• Exercise goal:
Every line of the material that includes the word "Casa" is to be shown.

• Exercise input:
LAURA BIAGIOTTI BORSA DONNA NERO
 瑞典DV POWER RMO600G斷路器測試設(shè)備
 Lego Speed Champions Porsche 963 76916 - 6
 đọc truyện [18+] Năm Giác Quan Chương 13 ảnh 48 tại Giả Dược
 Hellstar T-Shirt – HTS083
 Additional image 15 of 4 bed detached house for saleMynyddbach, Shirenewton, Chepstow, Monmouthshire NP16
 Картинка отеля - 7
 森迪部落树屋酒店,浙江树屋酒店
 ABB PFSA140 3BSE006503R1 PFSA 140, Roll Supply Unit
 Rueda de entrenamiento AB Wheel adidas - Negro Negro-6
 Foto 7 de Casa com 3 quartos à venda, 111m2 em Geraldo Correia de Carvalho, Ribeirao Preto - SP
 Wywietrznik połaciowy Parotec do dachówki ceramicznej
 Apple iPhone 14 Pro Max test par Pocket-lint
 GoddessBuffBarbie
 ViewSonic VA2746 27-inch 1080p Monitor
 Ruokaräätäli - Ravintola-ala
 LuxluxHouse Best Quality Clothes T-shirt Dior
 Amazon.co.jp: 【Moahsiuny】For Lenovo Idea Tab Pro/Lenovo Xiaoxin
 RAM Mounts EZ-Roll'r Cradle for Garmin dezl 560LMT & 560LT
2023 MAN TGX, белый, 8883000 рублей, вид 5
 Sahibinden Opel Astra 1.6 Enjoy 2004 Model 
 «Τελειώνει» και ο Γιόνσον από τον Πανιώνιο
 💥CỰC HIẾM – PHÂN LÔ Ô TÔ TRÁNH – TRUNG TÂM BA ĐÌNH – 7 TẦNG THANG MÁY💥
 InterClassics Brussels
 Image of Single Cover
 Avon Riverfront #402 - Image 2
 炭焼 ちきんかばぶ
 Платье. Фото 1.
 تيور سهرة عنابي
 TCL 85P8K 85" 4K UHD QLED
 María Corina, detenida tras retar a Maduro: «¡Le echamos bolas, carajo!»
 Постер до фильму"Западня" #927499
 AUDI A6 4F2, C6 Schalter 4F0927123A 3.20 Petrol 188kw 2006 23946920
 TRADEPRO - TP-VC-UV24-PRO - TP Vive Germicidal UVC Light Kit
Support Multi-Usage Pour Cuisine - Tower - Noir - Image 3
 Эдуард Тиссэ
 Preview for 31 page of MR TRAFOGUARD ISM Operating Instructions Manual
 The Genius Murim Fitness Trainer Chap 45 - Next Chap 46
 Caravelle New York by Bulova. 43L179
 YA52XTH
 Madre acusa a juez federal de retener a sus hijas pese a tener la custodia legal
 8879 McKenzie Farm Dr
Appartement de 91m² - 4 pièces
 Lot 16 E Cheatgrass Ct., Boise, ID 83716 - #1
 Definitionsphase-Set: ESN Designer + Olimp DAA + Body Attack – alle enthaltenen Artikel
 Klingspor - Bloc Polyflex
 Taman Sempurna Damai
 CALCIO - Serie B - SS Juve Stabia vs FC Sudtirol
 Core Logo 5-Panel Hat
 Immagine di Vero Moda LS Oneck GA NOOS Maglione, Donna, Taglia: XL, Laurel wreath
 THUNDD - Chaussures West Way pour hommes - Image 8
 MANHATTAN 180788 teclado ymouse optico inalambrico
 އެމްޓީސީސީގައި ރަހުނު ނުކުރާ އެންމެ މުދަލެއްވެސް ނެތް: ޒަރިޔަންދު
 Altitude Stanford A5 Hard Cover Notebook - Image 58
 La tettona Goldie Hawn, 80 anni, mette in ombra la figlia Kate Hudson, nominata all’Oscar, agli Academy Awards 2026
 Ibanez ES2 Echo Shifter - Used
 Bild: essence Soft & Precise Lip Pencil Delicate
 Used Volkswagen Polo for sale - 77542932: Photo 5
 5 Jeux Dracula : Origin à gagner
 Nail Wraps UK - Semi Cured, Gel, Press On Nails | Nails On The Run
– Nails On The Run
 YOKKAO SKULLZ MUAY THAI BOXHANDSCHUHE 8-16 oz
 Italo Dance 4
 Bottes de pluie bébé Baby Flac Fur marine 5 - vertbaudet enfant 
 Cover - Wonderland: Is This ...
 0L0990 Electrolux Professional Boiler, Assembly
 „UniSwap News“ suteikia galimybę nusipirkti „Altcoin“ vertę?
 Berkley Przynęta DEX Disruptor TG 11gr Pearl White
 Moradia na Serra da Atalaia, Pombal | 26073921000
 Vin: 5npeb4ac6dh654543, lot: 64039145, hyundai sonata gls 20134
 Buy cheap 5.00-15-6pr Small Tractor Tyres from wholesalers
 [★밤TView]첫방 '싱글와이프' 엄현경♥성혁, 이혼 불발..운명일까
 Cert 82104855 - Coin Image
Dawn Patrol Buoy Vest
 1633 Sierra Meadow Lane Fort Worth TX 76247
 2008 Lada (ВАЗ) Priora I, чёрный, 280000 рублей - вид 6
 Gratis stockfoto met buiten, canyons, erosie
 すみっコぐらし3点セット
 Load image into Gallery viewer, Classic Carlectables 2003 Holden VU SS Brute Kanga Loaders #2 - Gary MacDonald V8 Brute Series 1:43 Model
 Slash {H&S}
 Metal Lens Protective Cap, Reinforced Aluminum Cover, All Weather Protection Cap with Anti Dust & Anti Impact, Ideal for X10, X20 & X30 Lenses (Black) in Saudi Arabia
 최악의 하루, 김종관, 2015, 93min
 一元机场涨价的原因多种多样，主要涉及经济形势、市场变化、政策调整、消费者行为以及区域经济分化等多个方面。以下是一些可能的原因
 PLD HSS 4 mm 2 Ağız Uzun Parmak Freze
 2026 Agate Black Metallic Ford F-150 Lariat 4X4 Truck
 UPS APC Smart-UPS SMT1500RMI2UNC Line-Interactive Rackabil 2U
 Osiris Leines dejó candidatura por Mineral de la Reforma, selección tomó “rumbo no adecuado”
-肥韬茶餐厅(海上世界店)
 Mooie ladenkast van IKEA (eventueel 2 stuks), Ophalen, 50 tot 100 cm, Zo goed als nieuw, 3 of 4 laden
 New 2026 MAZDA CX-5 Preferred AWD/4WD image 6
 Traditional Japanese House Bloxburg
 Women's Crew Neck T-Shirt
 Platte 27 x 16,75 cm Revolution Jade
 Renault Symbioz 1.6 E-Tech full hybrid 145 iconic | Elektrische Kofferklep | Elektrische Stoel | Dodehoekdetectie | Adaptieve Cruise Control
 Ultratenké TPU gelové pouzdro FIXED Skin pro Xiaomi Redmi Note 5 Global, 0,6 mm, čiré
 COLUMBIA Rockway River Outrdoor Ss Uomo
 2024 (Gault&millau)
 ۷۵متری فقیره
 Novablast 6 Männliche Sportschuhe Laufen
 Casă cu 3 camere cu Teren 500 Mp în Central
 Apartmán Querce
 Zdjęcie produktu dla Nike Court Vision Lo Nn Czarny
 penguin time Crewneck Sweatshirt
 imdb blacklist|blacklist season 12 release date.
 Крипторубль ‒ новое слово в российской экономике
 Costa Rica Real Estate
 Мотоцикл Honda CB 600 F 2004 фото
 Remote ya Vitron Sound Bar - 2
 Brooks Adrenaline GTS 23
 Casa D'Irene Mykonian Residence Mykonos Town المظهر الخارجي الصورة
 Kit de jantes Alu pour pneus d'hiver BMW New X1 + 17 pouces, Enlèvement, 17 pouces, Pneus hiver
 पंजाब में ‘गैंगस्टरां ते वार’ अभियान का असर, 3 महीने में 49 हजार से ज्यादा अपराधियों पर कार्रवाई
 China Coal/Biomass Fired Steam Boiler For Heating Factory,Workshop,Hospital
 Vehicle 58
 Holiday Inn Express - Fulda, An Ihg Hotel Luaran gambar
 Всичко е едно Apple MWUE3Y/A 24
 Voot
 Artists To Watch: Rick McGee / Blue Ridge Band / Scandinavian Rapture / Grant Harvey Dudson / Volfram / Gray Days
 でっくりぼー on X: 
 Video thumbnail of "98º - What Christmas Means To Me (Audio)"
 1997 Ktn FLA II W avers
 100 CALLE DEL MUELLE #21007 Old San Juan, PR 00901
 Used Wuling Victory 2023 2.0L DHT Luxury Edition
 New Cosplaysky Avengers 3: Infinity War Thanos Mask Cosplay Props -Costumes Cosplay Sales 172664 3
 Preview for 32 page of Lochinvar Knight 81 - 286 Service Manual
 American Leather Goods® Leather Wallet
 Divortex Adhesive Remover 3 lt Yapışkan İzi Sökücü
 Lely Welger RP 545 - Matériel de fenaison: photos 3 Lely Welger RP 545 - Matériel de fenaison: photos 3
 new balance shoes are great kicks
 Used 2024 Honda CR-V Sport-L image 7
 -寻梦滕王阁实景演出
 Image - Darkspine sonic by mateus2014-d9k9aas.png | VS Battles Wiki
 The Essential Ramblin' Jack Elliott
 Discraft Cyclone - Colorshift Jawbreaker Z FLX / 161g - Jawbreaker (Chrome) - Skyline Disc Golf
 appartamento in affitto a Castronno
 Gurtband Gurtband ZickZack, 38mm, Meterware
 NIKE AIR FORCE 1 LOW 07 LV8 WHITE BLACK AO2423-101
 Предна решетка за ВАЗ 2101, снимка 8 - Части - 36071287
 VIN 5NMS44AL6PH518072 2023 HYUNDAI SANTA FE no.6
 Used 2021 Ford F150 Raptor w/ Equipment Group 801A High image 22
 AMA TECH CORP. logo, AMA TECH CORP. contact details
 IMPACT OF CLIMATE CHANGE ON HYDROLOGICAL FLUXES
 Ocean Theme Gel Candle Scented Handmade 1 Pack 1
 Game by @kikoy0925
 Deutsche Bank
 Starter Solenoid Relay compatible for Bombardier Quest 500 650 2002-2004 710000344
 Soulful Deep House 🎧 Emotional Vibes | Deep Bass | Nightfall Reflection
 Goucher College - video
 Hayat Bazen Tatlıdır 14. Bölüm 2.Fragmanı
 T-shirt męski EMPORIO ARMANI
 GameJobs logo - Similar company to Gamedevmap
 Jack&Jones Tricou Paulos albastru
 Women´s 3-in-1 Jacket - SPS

• Answer to this exercise:
 Foto 7 de Casa com 3 quartos à venda, 111m2 em Geraldo Correia de Carvalho, Ribeirao Preto - SP
 Casa D'Irene Mykonian Residence Mykonos Town المظهر الخارجي الصورة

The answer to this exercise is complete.